Günther Frühmorgen ist Buchautor und Möbeldesigner aus Leidenschaft. Der Erfolg als „Designer der 80er-Jahre“ (Label: mega!) hat den Absolventen der Amerikanistik und Geographie nach eigenen Angaben erst eitel und hochmütig, dann demütig gemacht. Er ist seinem Gewissen verpflichtet – zum Schutz der Leser und der Umwelt. Gedruckt wird nur, was seinem hehren Anspruch genügt.

Der Ammerländer Autor Günther Frühmorgen liebt Sprachen. Und Dialekte. Dialekt, das ist für ihn Heimat: „Gerade bei einem Heimatkrimi kommen die Dialoge im Dialekt wie Wasser aus unserer Seele. Die direkte Verbindung zwischen Herz, Himmel und Erde.“ Seine mitreißende Art zu erzählen hat Kult-Charakter und ist eine super Übung für Nichtbayern. Tipp: Am Anfang besser laut lesen!

Die Geschichte

Während Hans Hummel im Juli 1971 im Uppenbornwerk Moosburg ganz Bayern in Dunkelheit versenkt, raubt die Bomhard-Bande eine Bank aus und entführt den Bankdirektor. Oder ist doch alles ganz anders?

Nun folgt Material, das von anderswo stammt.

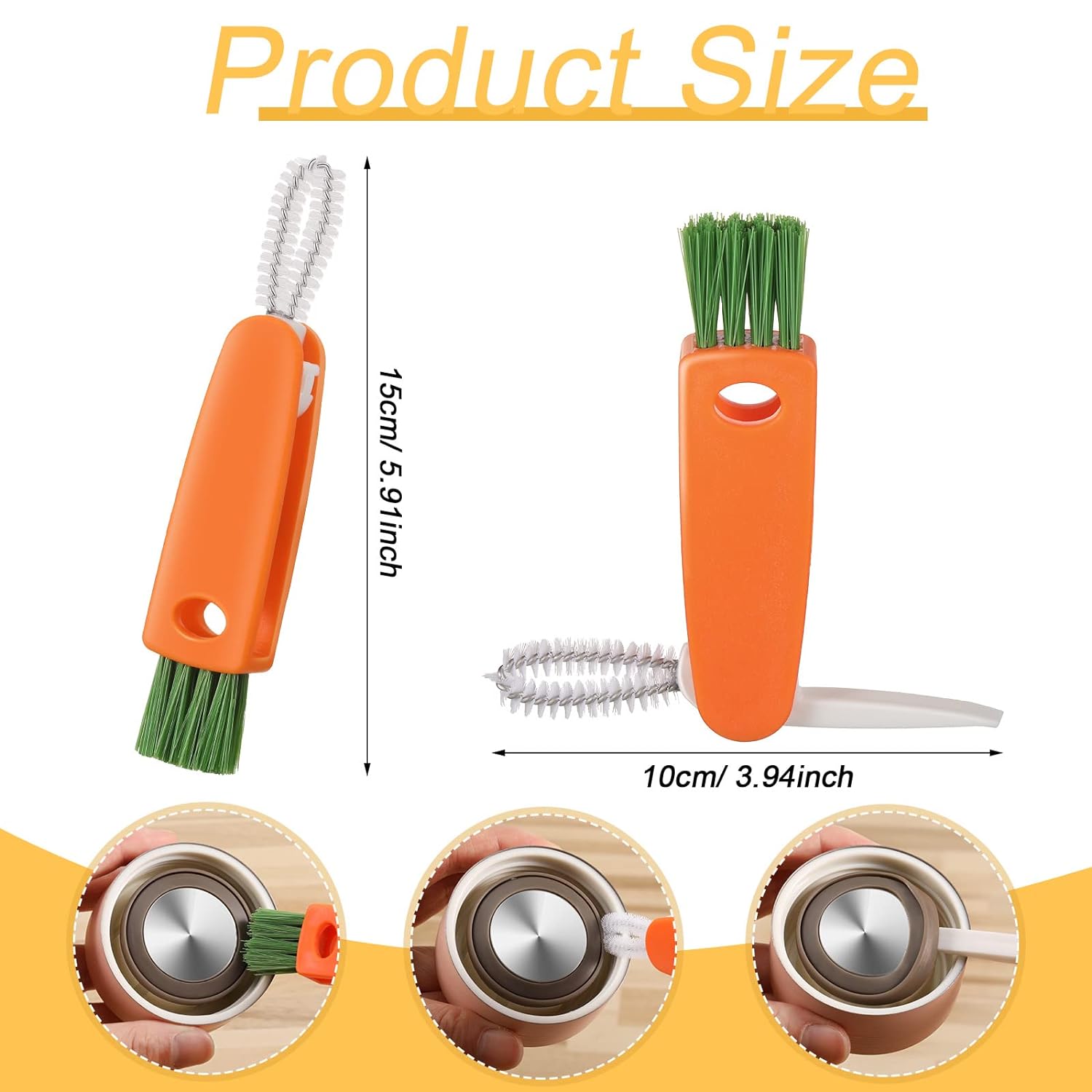 3 in 1 Multifunctional Cleaning Brush Mini Glass Cover Cleaning Brush Bottle Cleaning Brush Set Cup Cleaner Brush Bottle Cap Detail Brush for Bottle Cup Cover Lid Home Kitchen Washing Tool (1 Pc)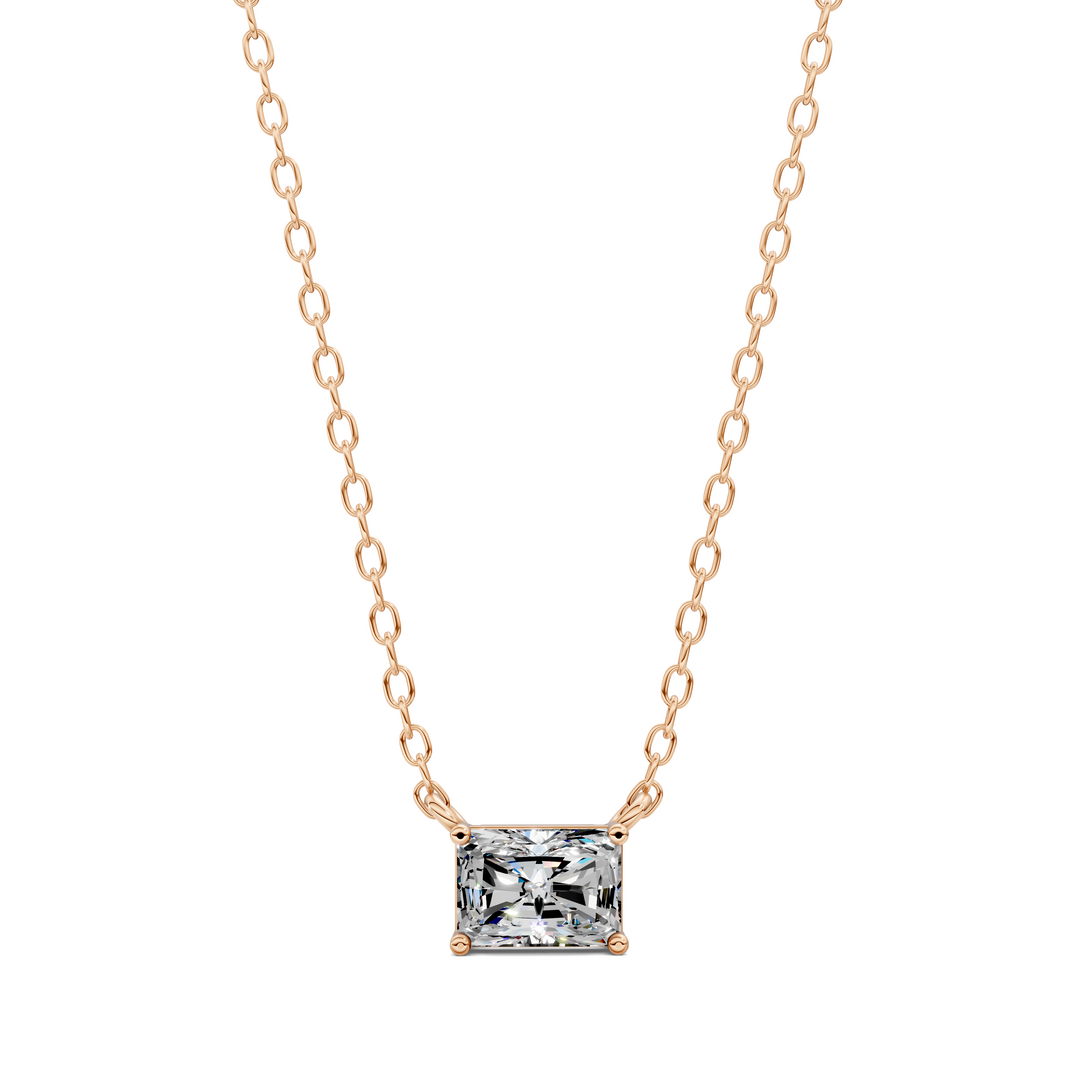 1.50CTW East West Solitaire Radiant Pendant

Übermütig in der Schreibe und effektvoll inspiriert durch die allgegenwärtigen Rock- und Pophits der 60er und 70er erzählt der gebürtige Moosburger Frühmorgen mit „Katzendraller“ eine erfrischend andere Krimikomödie. Welche Rolle der Katzendraller, ein Strudel in der Isar, spielt, bleibt bis zum Schluss ungewiss. Mit „Spionin Escora“ geht die Geschichte munter weiter. Die schräge Verwechslungskomödie entwickelt sich zu einem hochpolitischen, aber unblutigen Spionagethriller.

Tipps von DDR-Agentin

Der suspendierte Ermittler Polizeiobermeister Miche „Mike“ Meiller (31) und seine (fast) 17-jährige Freundin Hanni Bomhard („im blassblumigen Kleid mit den oberen und unteren Knöpfen für die Katz“) scheuchen versehentlich DDR-Spione auf, die auf Starfighter angesetzt sind.

Die vampartige Ostspionin Ellen Rometsch, alias Escora, verdreht Meiller flott den Kopf und dem Autor während des Schreibens eher unfreiwillig die Story. Frühmorgen lässt seinen Figuren aber ganz bewusst ihr Eigenleben: „Wenn man die Geschichte wie ein Korsett baut, dann engt man sich meiner Meinung nach zu sehr ein. Dann wird’s steif.“ Und steif ist in seinen Büchern wirklich rein gar nichts. Man hat eher Mühe, sich auf diese rasante, teils verdrehte Erzählweise einzulassen. Wer jedoch den Österreicher Wolf Haas mag, wird Günther Frühmorgen lieben!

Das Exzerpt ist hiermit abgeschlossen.